21.4.07

Fidelitate

A palavra fidelidade têm a sua origem etimológica numa palavra do latim, fidelitate.
A fidelidade é muitas vezes ligada essencialmente aos compromissos matrimoniais e religiosos. Mas será só aí que esta fidelidade se aplica? Que virtude afinal é esta?

Na realidade, a fidelidade é considerada a virtude da memória. A memória é algo inerente ao Homem. Tudo quanto se cria supõe a existência de memória. Segundo o que afirma André Comte-Sponville “(...) existe o espírito, existe a memória (...) O espírito é memória, e talvez não mais do que memória”. Efectivamente, o Homem é um ser que pensa, e para pensar necessita de recordar pensamentos anteriores, pensamentos que advém do seu passado, que recorda, assim, no presente, pois o presente, neste contexto, não é mais do que o resultado do passado e daquilo que este nos deixa de herança no nosso espírito e citando Santo Agostinho é “o presente do passado”, que na minha interpretação pessoal entendo isto no sentido em que é no espírito, e devido á memória, que o passado é recordado no presente.

É a herança que o passado nos deixa e que recordamos no presente pela memória que nos permite inovar e criar e é ela que permite a fidelidade. A fidelidade é então uma virtude que se destaca das outras isto porque ela é a razão pela qual existem também as outras virtudes e os demais valores. Por exemplo, como poderia haver justiça se os justos não fossem fiés a essa virtude? Se não a tivessem presentes na sua memória?
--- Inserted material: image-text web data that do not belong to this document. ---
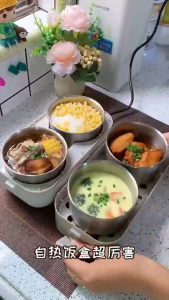 SG-Stock Portable Electric Lunch Box 2L With Double Layer 4 Bowls Rice Steaming Food Heating & Heat Preservation UK Plug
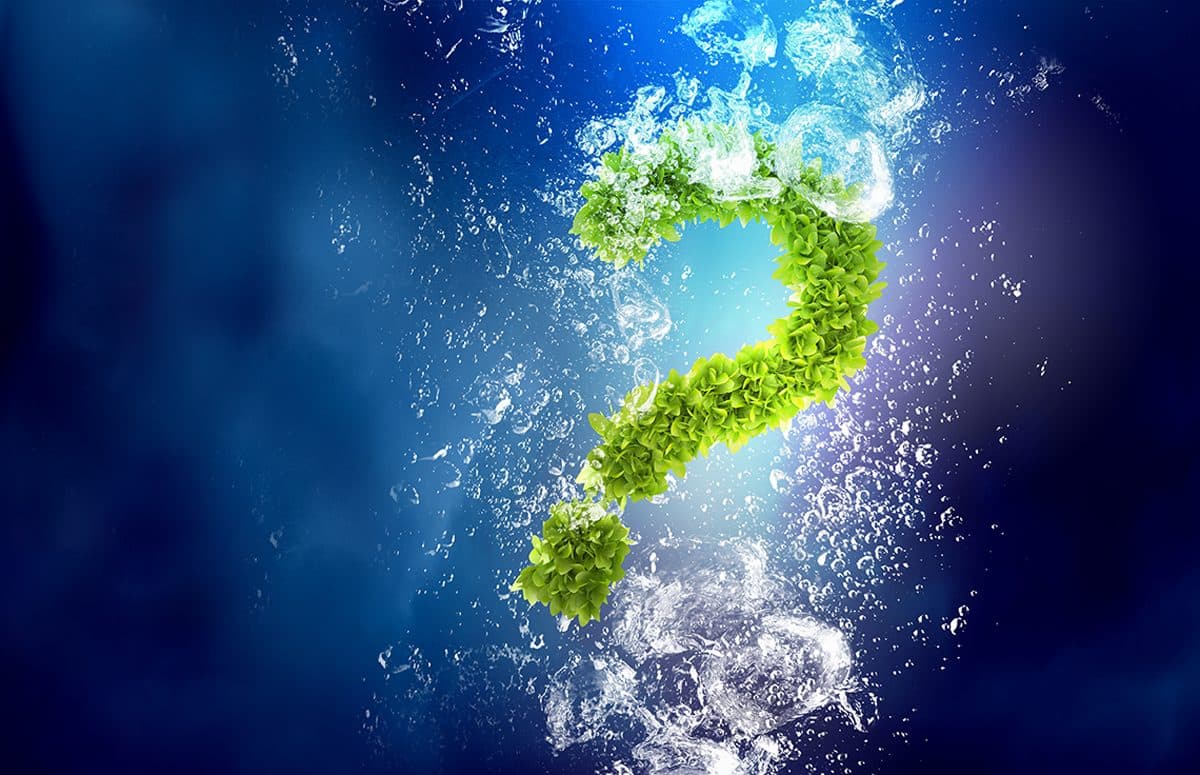 Question mark made of green leaves, floating in dark blue water with bubbles all around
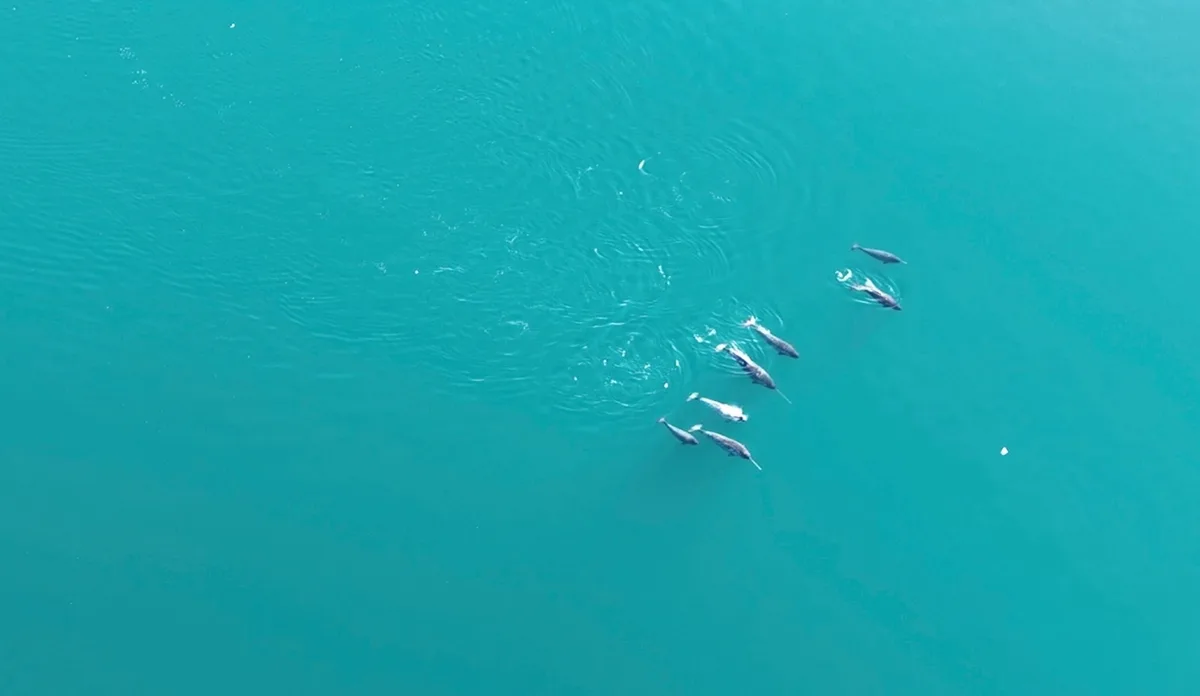 Pod of narwhals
E haveria liberdade se não houvesse quem procurasse ser fiel a esse propósito? Só podemos possuir os valores e virtudes aos quais procuramos ser fiéis, pois os retemos na nossa memória.

Contudo, isto faz com que se coloque outra questão: ao que somos fiéis? O que define e confere o verdadeiro sentido ao que somos fiéis é o próprio objecto digno da nossa fidelidade. Aquilo a que escolhemos ser fiéis depende da importância, do sentido e do valor que lhe damos.

Há que salientar um aspecto importante relativo ao facto da fidelidade ser a virtude da memória. É sabido que existe memória e inerente a ela existe o esquecimento. O esquecimento é algo inato ao homem e que inclusivé o permite manter a sanidade e é pelo esquecimento daquilo que não nos é relevante que podemos estar continuamente a memorizar. Onde pretendo chegar é ao facto de que o esquecimento não implica que se venha a ser infiel, pois também a infidelidade supõe a existência de memória, visto que só se pode tanto ser fiel como infiel àquilo de que nos recordamos.

Todos os sujeitos são fiéis a si mesmo, porque o confessam ser e porque se propuseram a sê-lo e por ser essa a sua vontade...fidelidade à identidade...

É nesta altura, como consequência do que tenho vindo a expôr, que eu acho pertinente referir a responsabilidade como algo abrangido pela fidelidade. A responsabilidade define-se como sendo a obrigação de responder pelos nossos actos e a obrigação em assumir aquilo que aceitamos como missão....aquilo que nos foi confiado...sendo que para podermos ser responsáveis, quer seja pelos nossos actos ou pelos alheios, quer seja para cumprir com as nossas obrigações e deveres, é necessário lembrarmo-nos, então, das responsabilidades que aceitamos tomar a nosso cargo e, desta forma, como é essencial a memória, ao procurarmos ser responsáveis estamos a procurar ser fiéis para com os outros e também para connosco, para com aquilo a que nos comprometemos, para as acções que decidimos voluntariamente tomar sendo esta a minha opinião...

De qualquer das formas...porque não reflectir mais um pouco?...

__________________
Baseado, retirado e/ou citado no Pequeno Tratado das Grandes Virtudes de André Comte-Sponville
JM

3 comentários:

RP disse...

Depois diz q eu n tenho razão se não vais ser uma professora coordenadora de uma área displinar! :P

Divagações...! disse...

Gostei especialmente do esquecimento como mecanismo de defesa! Concordo totalmente, é realmente um mecanismo que nos permite "mandar" fora tudo aquili que não nos interessa...

Discordo num ponto: Quando se diz que somos fiéis a nós mesmos... Será sempre assim? Será que por vezes não fazemos coisas que não quariamos fazer e que, à partida, saberiamos que não o faríamos?

^^

Jane disse...

O ser fiel a nós próprios...é na questão da identidade...da personalidade que afirmas como sendo a tua...

A questão das acções... é complicado...porque mesmo que sejas fiel a uma identidade isso não implica que ela seja imutável...tu podes vivenciar experiências que te fazem reformular os teus ideias e valores e conscientemente (talvez nem sempre) mudas e fazes coisas que achavas que não farias...enfim...dá que pensar!